WARNING: This page is presently out-of-date as the network was just migrated to different hosts. I intend to migrate back.

This page describes our production-like test environment, which is meant to be a staging area that closely resembles an actual production environment. In particular, this means:

  • multiple geographically distributed nodes
  • a mix of validators and sentry nodes
  • actual utilization (both continuously at some relatively tame pace, and under higher load from interactive developer testing)

OK, just show me how to connect as a peer node or use the end-user RPC service.

Deployed Version

v0.9.1-pre

Motivation

This network has just gotten going, and there is not yet continuous deployment or automatic updating with every change that passes CI, however even manually deploying new revisions of kwild (or kgw) has benefits:

  • Reproducibility of Production Issues. Combining a live network with the stress tool in various configurations (slow and aggressive), we can catch issues that would otherwise slip past our acceptance and integration tests.
  • Quick Feedback Loop. We can catch unexpected breaking changes early. e.g. upgrading existing nodes and re-adding sentry nodes will fail if we unintentionally change consensus-critical code or parameters.
  • Performance Testing. With a realistic network scenario (multiple geographically distributed datacenters), and typical cloud VMs, we can get a better idea of what utilization patterns are actually feasible and when performance issues and resource limitations appear.
  • Security Hardening. We might not realize there are even very trivially-exploitable security issues and DoS vulnerabilities if the services are never exposed to internet traffic until release.
  • Building Confidence. Releasing to production shouldn't be a blind leap, and a functional network that has survived many updates should give us assurances that we can release without major issue.

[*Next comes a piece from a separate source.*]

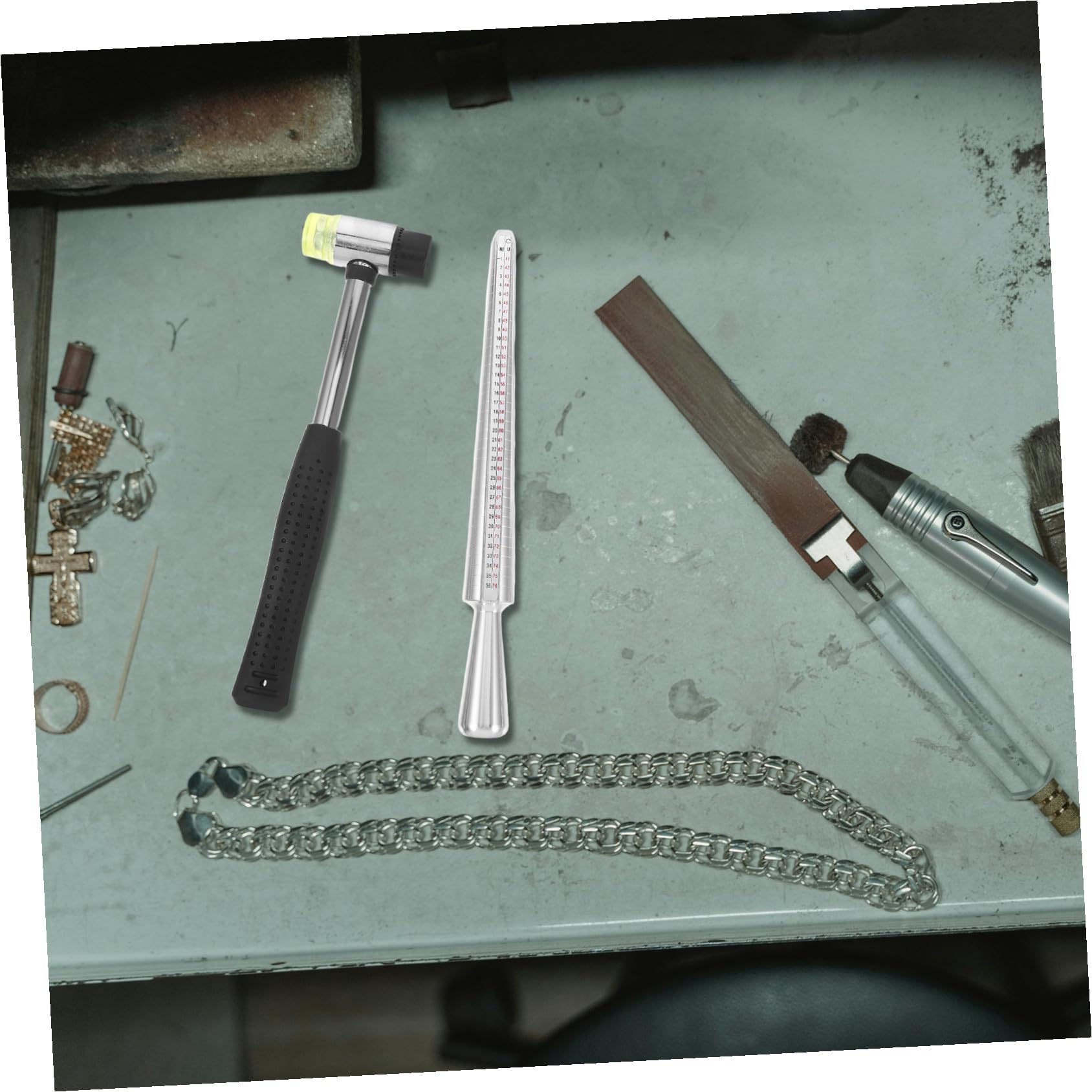 NUOBESTY Kit Strumenti Misurazione Anelli Metallo Mandrino Hobbista Fai da Te Martello Panno per Precisione Dimensionamento e Creazione Gioielli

I have used GitHub webhooks in the past to do automatic updating of such service on merge to main/master, but I suspect that we would only apply automatic updating to a small set of sentry nodes. Updating the validator nodes and some of the other nodes are likely to be simple but manual tasks for now as we get a feel for how network upgrades will proceed in practice.

Accessing as an End User

NOTE: Gas is enabled on this network presently. You will need to get funds from the faucet at http://23.20.126.14:3000/ You may then transfer funds between accounts with the kwil-cli account transfer command. See the account balance command as well.

Use the network via the JSON-RPC service on port 8484.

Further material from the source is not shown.